My mom kicked me, slapped me across the face, and asked me to leave the room. She stayed in Joan’s room for several minutes before she came to mine. She said, “You’ll pay for this. I’ll tell your dad. I’ll personally hand you over to the police to discipline you for what you’ve done. Who taught you this?”

She told my dad about it, and he used his belt to beat me as though I were a thief. He also said he would ensure I ended up behind bars so I would learn my lesson. While I was beaten and treated like a common criminal in my own house, Joan was pampered and treated like a queen. She wasn’t even allowed to do anything around the house. She would cry every now and then, and my mom would be by her side.

I went back to school and never saw Joan again, but what she did lingered in my life. My mom never liked me again. It got to a point where she didn’t want to see my face around the house. Every vacation she sent me to her brother, who had a big farm, to work with him.

Whenever I did something wrong, she would bring up the issue with Joana and tell the story as if it had happened only yesterday. “If it were rape, you would have gotten up at dawn to do it. A simple thing like this and you are fumbling.”

When my results came and I didn’t do well in Maths and Science, my mom tried all she could to convince my dad not to send me back to school but rather find a fitting shop and make me an apprentice there. “This boy doesn’t need school. He would go to the university to chase women. Don’t let us waste money.
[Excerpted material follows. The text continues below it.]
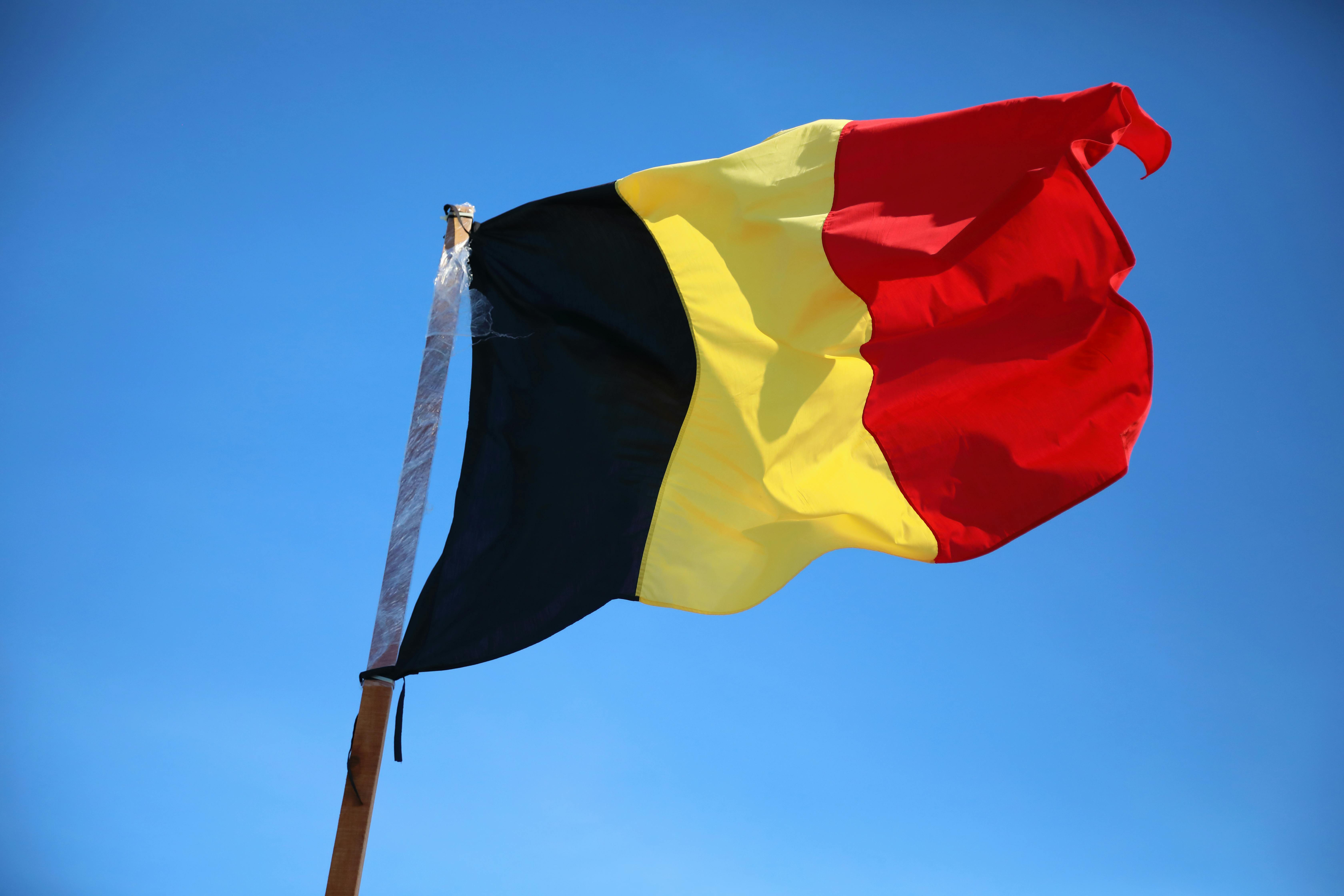Belgium national flag with black, yellow, and red stripes waving on a flagpole against a clear blue sky.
He should go and learn fitting.”

I was never in a relationship or even looked at women while I was at the university. I studied as though my life depended on it and graduated with a first-class degree. That still didn’t change my mom’s heart toward me. My dad was at my graduation, but my mom wasn’t there. She still called me a rapist.
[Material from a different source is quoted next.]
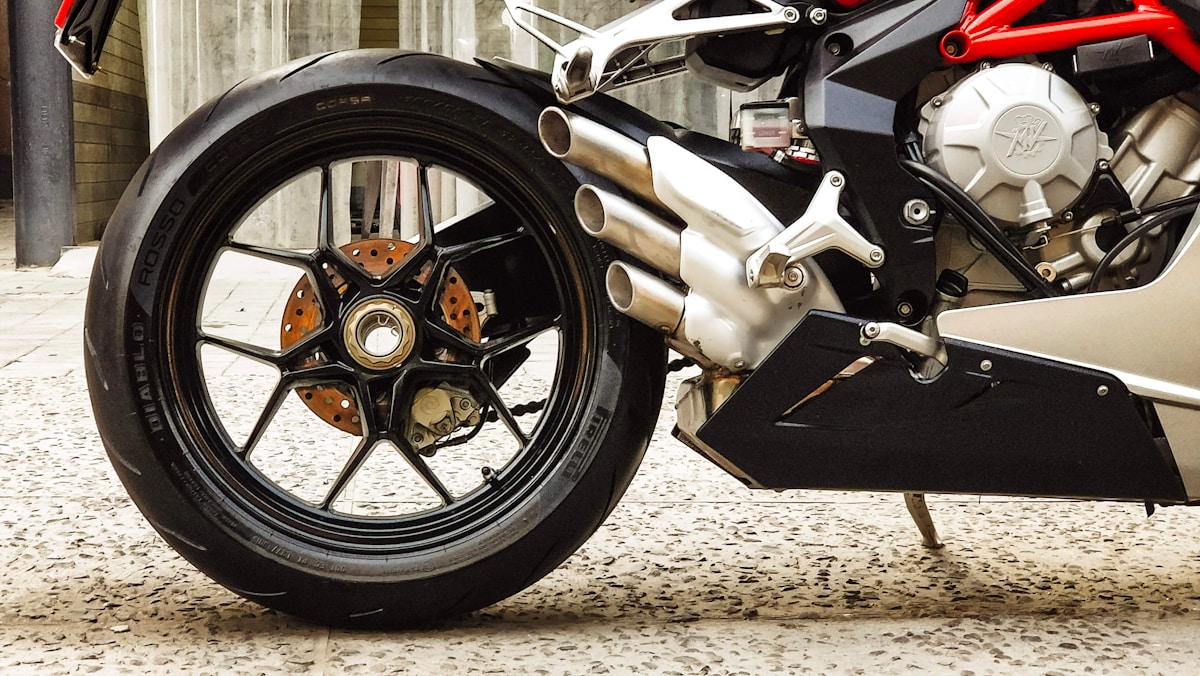Roue de moto sport avec jante noire et étriers de frein orange.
When I came home after my national service,  my mom would wake up every morning and make me the target of her anger. “All you know is women,” she would say. “You don’t know how to get a job. All your friends who lived their lives well are gainfully employed by now, but look at your life.”

One day I fought back. I shouted at her and warned her to stay off my case. “What did I do to deserve this? Eight years later and you still won’t let me be? Am I a criminal?”

That day, I poured out all the pain I had harboured inside me and told her exactly how I felt. When my dad came home, she told him I had attacked her and that she regretted the day she gave birth to me. My dad tried to settle the matter. My mom said, “He’s old enough to shout at me. He should leave this house tomorrow.”

When I finally landed a job in Accra and left home, I left with a relieved heart, but I also wondered what I could do to win back my mom’s love. She wouldn’t answer my calls. I spoke to my brothers and asked them to talk to her. She told them they shouldn’t worry about me because I would amount to nothing in life, a rapist like me.

At one point, my dad also became frustrated, so he advised me to live my life and allow my mom to live hers. I stopped calling. I attended my middle brother’s wedding, and my mom did all she could to avoid me, even when I made one attempt after another to speak to her. After that wedding, I was so broken that I thought of ending my life so I wouldn’t have to face my mom again.

When I met my wife, I couldn’t take her home to meet my parents. I was scared my mom would do her worst. Before my wedding, I sent a whole delegation to my mom to ask for her forgiveness. She still didn’t attend my wedding.

I’m currently living in the US. My elder brother is also here, but in a different state.

When my brother had his first child, my mom came to visit. She refused to see me. She has been here three times to help my elder brother take care of his kids, but she doesn’t even know how many children I have. She doesn’t want to see them.

At this point, I live without pain because God knows I’ve tried, but I have regrets. And the regret isn’t about what I did with Joan. It’s about wasting my time and emotions trying to make my own mother love me. I no longer try. I also no longer regard her as my mom.

She may die, and I won’t go to her funeral because that seems to be her wish, and I don’t mind. But all I ask myself at this point is this: Is this all about Joan? Or is there more to it than I can tell?